Sure, but to reiterate how I read GP:s post, did you buy it "to get the game" or did you buy it to play it on your Wii? I think that's the crux of it. Even if the old games were in public domain, Nintendo could still sell it to you in a product/service that makes it playable on the Wii, which it otherwise would not be, and that would still be worth it to some people.

> It's not yet 40 years old, which is pretty young to be considered an old work, IMHO.

IMHO your HO is likely based on learned behavior, not how things should (whatever that means) or could be.

I didn't have a licensed copy or a good way to play unlicensed copies at the time, so I'll say I paid to get the game. The mini NES has HDMI and is easier to travel with than my aging Wii, so that's nice. I've also now taken possession of the family NES from when I was young, so I can play the game as intended.
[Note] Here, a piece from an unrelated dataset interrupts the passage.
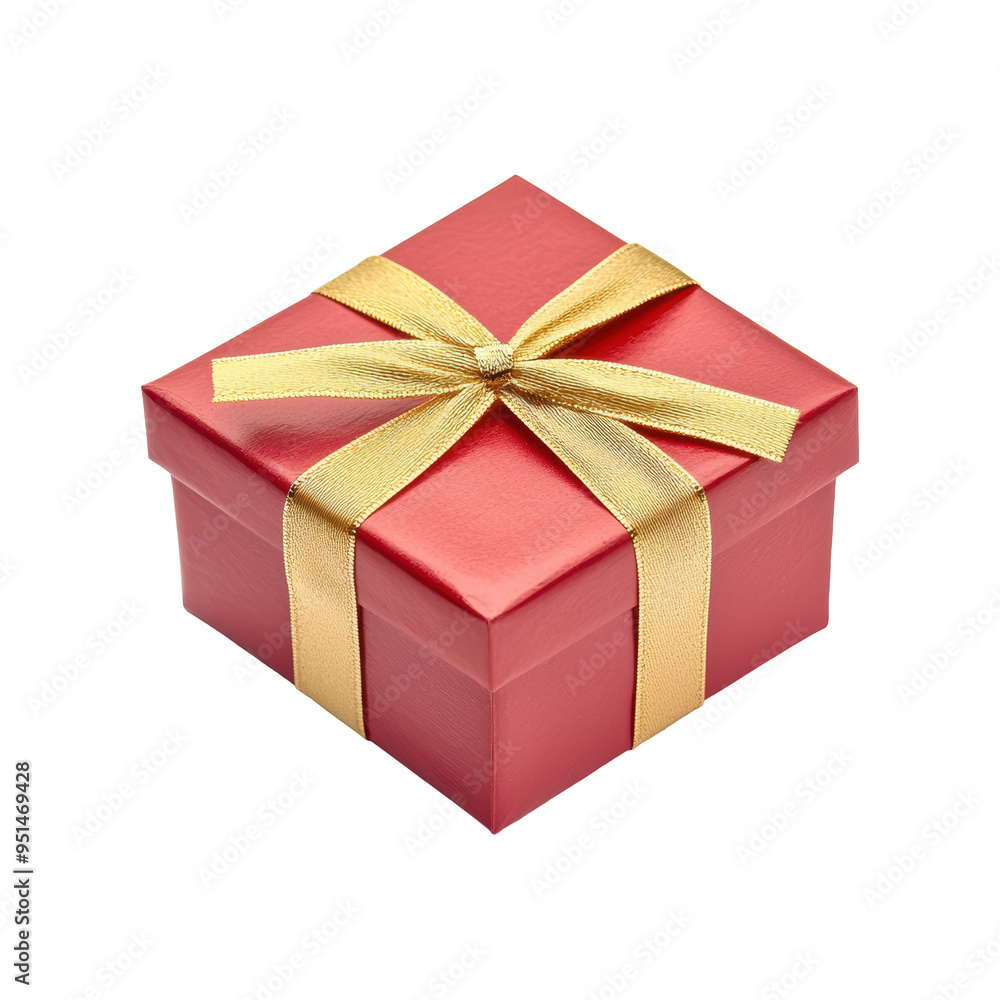 Red gift box with a gold ribbon tied in a neat bow, perfect for festive celebrations and elegant gift presentations. Isolated on transparent background, png. Red gift box with a gold ribbon tied in a neat bow, perfect for festive celebrations and elegant gift presentations. Isolated on transparent background, png.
I also picked up a super famicom recently to play super mario world properly (even with international shipping, it was much less expensive than a north american market SNES), but Nintendo doesn't get new revenue from that.
> There is no way in hell Nintendo still makes significant revenue from selling, say, the Super Mario Brothers NES cartridge, or its software image

Why not? Nintendo has been quite successful in selling emulated versions of these games in their ds store and released the wildly popular Nintendo Classic Edition which included this rom and sold over 2 million.

Because of the convenience of playing them on the new consoles. The only people I know who have bought Super Mario Bros Virtual Console releases are the sorts of people who'll buy additional ports of Portal to Nintendo consoles. They're buying the port (the emulator), not the ROM; the availability of the ROM image is not cutting into Nintendo's sales.
I'm not so sure that's true. I simultaneously see people say:

> Nintendo needs to stop hurting ROM sites for games older than 20 years. There's little profit to be made from such old titles.

As well as:

> Why did Nintendo create the NES Classic? You can do the same for far cheaper with a Raspberry Pi. And why are there NES games locked away behind an online subscription? I can play them on my phone for free.
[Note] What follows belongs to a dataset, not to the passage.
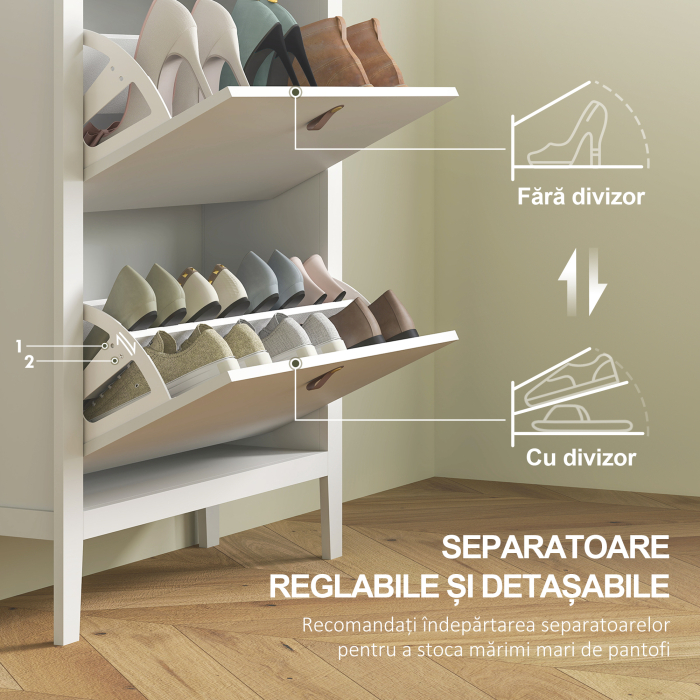  Pantofar cu 2 Sertare Rabatabile pentru 14 Perechi de Pantofi si Rafturi Reglabile, 80x24x95.5 cm, Alb [5]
There are definitely many, many reasons to be unhappy with current copyright law. But claiming that Nintendo stands to gain nothing from retaining rights to their ROMs is not a valid critique, and does not pave the way for honest discourse.

The people saying “Why did Nintendo create the NES Classic?” (e.g., me-until-recently) usually have little interest in purchasing a NES Classic. They often have little interest in playing video games.

> But claiming that Nintendo stands to gain nothing from retaining rights to their ROMs

I claim that Nintendo gains little from not selling DRM-free copies of the ROM. There's a big difference between "take down all fangames with a character in a red hat called Mario" and “relinquish all monopoly rights to the public domain”: I suggest that Nintendo wouldn't lose much by being a bit less controlling. They might even recover some reputational damage!